「AF-S NIKKOR 18-35mm f/3.5-4.5G ED」はニコンFXフォーマットに対応した超広角ズームレンズだ。 この他にFX対応の超広角ズームレンズのラインナップは3本。一つはプロ仕様とも言うべき高画質の「AF-S NIKKOR 14-24mm f/2.8G ED」、F4通しで手ブレ補正が付いた「AF-S NIKKOR 16-35mm f/4G ED VR」、絞りリングが使える「Ai AF-S Zoom-Nikkor 17-35mm f/2.8D IF-ED」。いずれもF値が変わらないハイエンドレンズだ。
今回試写した「AF-S NIKKOR 18-35mm f/3.5-4.5G ED」はズーミングに合わせてF値が可変するが、上記のハイエンドレンズと比較すると軽くてコンパクトな点が武器だ。
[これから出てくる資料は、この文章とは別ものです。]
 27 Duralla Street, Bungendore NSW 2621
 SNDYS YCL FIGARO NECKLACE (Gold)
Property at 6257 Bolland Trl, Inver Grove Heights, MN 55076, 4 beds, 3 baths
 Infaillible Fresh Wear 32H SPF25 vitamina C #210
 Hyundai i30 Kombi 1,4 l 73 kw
歩きが多い撮影ではこの軽さがありがたいと感じるだろう。さらに画質はハイエンドレンズに引けを取らないほど高画質。また、ズーミング時に全長が変わらないインナーズームを採用している点も特徴だ。
東京の新観光名所となったスカイツリー。その袂(たもと)にある「京成橋」、ここは観光客たちのスカイツリーの撮影スポットでもある。この橋から標準ズームレンズで巨大なスカイツリーを撮影する際にはどうしても縦構図にする必要があるが、広角端18mmなら横構図でもしっかりと収まる。
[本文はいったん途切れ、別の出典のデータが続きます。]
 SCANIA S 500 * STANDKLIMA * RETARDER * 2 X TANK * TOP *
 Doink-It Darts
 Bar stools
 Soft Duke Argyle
水平以外の構図では建物などのパースが強烈に付くが、このような場所なら歪みなどを気にせず広がりを表現できる。遠くのものまで良く写っていてなかなか楽しい。
迫り来るような躍動感のある雲や近景・遠景の対比など、ダイナミックさを一枚にギュッと収められるのが超広角レンズの醍醐味。窓ガラスの一枚一枚の描写やガラスに映り込んだビルなど情報量が豊富だ。
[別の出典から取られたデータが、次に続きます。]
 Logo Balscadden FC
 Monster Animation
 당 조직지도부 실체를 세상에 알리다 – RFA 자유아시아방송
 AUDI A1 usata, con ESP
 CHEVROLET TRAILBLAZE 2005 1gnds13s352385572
程よい距離感を保てば強烈なパースも気にならない。ビネットコントロール(周辺減光補正)をオフにして周辺減光を「味」として作品に取り入れるのも良い。
強烈なパース故にファインダーで見る景色も新鮮だ。角度を変えただけで世界が変わって見える。
シャープな解像感と周辺減光が不思議な世界感を描き出す。逆光性能はナノクリスタルコート仕様のハイエンドレンズには敵わないが、この程よい緩さがレンズとしての面白さでもある。
望遠端は35mmと比較的大人しめの広角域だ。こちらはダイナミックさよりも、目の前に広がる雰囲気をそのまま切り取るようなイメージで撮影できて使いやすい。テーブルフォトなど雰囲気を大事にしたい場合に重宝する。
風景撮影やスナップ撮影以外に、超広角を活かした人物撮影にもオススメしたい。標準レンズでは表現できないマンガチックなデフォルメができるのが超広角レンズの面白さ。もちろん24mmや28mmなどパースをコントロールして写真のバリエーションを付けられる点もズームレンズならではだ。
「AF-S NIKKOR 18-35mm f/3.5-4.5G ED」は、手軽に使える高画質な超広角ズームレンズだ。逆光時のゴーストの発生は少なく超広角レンズながら光源があっても気にならない点も良い。高画質な超広角ズームレンズでコストパフォーマンスが高い1本だ。